Nel 1983, in un famoso discorso, Ronald Reagan preannunciò la fine del comunismo, definendolo come "un altro triste, bizzarro capitolo della storia umana le cui ultime pagine si stanno scrivendo proprio ora". Le sue parole furono profetiche. Il giorno dopo la morte del leader sovietico Konstantin Ustinovich Chernenko, nel marzo 1985, alla guida del Partito Comunista fu nominato Mikhail Sergeyevich Gorbaciov, l'uomo che, per primo, avrebbe rivoluzionato l’URSS. Il nuovo leader aveva iniziato la sua carriera dopo la morte di Stalin, e quindi rappresentava l’ascesa al potere di una nuova classe politica, desiderosa di cambiare la società russa e porre fine agli anni di totalitarismo e assenza di libertà.
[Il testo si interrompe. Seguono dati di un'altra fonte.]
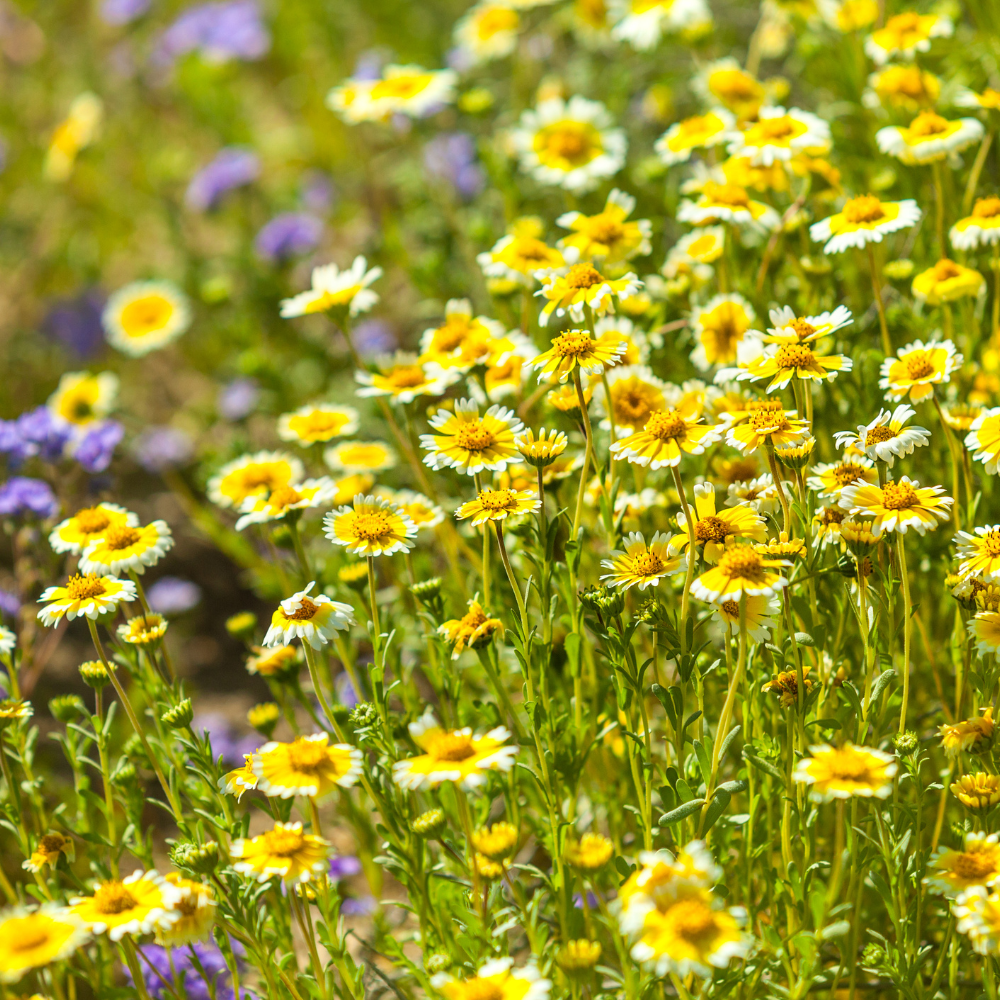 150 Pcs Tidy Tips Seeds for Planting Outdoors, Non-GMO Heirloom Wildflowers, Sturdy Low Maintenance t Blooms for Sunlit Yard Borders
Come disse lo stesso Gorbaciov in un’intervista alla televisione americana CNN nel 1997: "Io fui la persona che non decise di aggrapparsi al potere, ma di riformarlo. La società aveva bisogno di riforme, ma avevamo perso almeno 15-20" D'altro canto, l’economia sovietica era sull’orlo del collasso. La situazione ereditata da Gorbaciov era grave: una crescita prossima allo zero, conseguenza della politica economica del Partito che per tutti gli anni di Guerra Fredda, aveva speso più del 25% del Prodotto Interno Lordo in armamenti, a discapito dei beni destinati alla popolazione. In riposta, la politica di Gorbaciov ruotò attorno a due punti fondamentali: glasnost (trasparenza), cioè una maggiore trasparenza nella vita pubblica russa, per anni segnata dal totalitarismo staliniano, e perestroika (letteralmente, ricostruzione) con cui si indicava il complesso di riforme economiche portate avanti a partire dal 1985.
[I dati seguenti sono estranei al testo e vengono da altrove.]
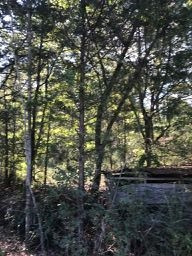 Gunter Road Walnut Grove, MS 39189 - Photo 11 of 18 Photo 11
Il primo summit tra Reagan e Gorbaciov si tenne a Ginevra in Svizzera nel novembre 1985. L’incontro segnò l’inizio del disarmo bilaterale. Un anno dopo, i due leader si incontrarono di nuovo in Islanda, a Reykjavik. Il meeting di Reykjavik segnò la riduzione del 50% dei missili balistici e il cosiddetto accordo zero option per l’Europa (cioè il ritiro incondizionato delle testate nucleari dislocate nel Vecchio Continente). Gli incontri tra Reagan e Gorbaciov a Washington, nel 1987, e a Mosca, un anno dopo, segnarono il completo disgelo tra le due superpotenze e la fine di un’epoca A partire dalla fine degli anni ’80, infatti, uno ad uno, i paesi del patto di Varsavia andarono affrancandosi definitivamente dall’influenza sovietica e abbandonarono le vecchie strutture comuniste.

E la stessa Unione Sovietica intraprese la strada che l’avrebbe portata verso il totale smantellamento dei Soviet e la nascita di una nuova nazione, la Russia.